Yes, I've designed and built, in the 'day job'

Pitfalls? Make a prototype that is easy to repair. With 24V input, things die relatively quietly, but switching devices can still take out their driver stage. If you have a transformer to drive the switching devices, this is less likely. Expect to have to replace switching devices many times.

You'll learn that an inch of wire or PCB track in the wrong place can have enough inductance to completely upset operation.

If you use bipolar transistors to do the switching, you'll learn about storage time and how to turn off with reverse base current. If you use MOSFETs then you'll miss out on this fun.

SG3524 and 3854 are good IC's. They are popular for a reason. Read the application notes, they'll get you going. Trying to design with logic IC's, comparators, and op-amps is only for the masochistic! And doing entirely with discretes, again it can be done, but you will need hours and hours of debugging.

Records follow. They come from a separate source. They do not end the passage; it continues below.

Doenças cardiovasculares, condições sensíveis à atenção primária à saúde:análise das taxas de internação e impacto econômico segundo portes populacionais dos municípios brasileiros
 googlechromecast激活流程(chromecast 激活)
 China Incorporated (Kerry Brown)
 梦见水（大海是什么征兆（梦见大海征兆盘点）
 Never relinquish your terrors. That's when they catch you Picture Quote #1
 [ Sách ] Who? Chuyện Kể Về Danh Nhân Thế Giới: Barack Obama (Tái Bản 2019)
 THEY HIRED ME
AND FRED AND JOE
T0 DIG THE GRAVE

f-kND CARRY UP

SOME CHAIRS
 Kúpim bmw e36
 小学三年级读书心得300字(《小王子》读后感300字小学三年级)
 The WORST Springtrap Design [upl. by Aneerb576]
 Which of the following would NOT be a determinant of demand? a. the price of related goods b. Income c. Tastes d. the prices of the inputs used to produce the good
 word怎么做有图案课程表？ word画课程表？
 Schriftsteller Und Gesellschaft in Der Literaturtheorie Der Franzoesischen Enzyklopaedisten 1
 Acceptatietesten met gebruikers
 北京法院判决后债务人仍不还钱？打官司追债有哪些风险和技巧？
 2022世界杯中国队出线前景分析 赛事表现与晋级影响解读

The test gear you will need is a couple of bench power supplies, some load resistors, a twin-beam 'scope, and a transient load switch. One supply is for the 'housekeeping' control circuitry, which you leave on so drive to the switching devices is present and robust; one is for the power-stage input, which you wind up from zero while watching waveforms. With care you can see problems before the voltages/currents are high enough to blow the devices up.

When you get the circuit running and stable, at some point you'll want to optimise the
regulation circuitry. This is where the transient load switch comes in. Mine is a 555 oscillator running at 10Hz - 1kHz (switchable) and driving a power MOSFET. You use it to switch in an additional load in parallel with a steady load, on and off continually, while monitoring with your 'scope the output voltage, to see how the circuit copes with load changes. Expect to see all sorts of behaviour, from continuous oscillation, through damped ringing, before you achieve the ideal of an brief excursion of output voltage followed by a rapid return to the 'correct' value without overshoot or undershoot, each time the load is switched in our out by the transient load switch.

You'll have lots of fun, and learn loads!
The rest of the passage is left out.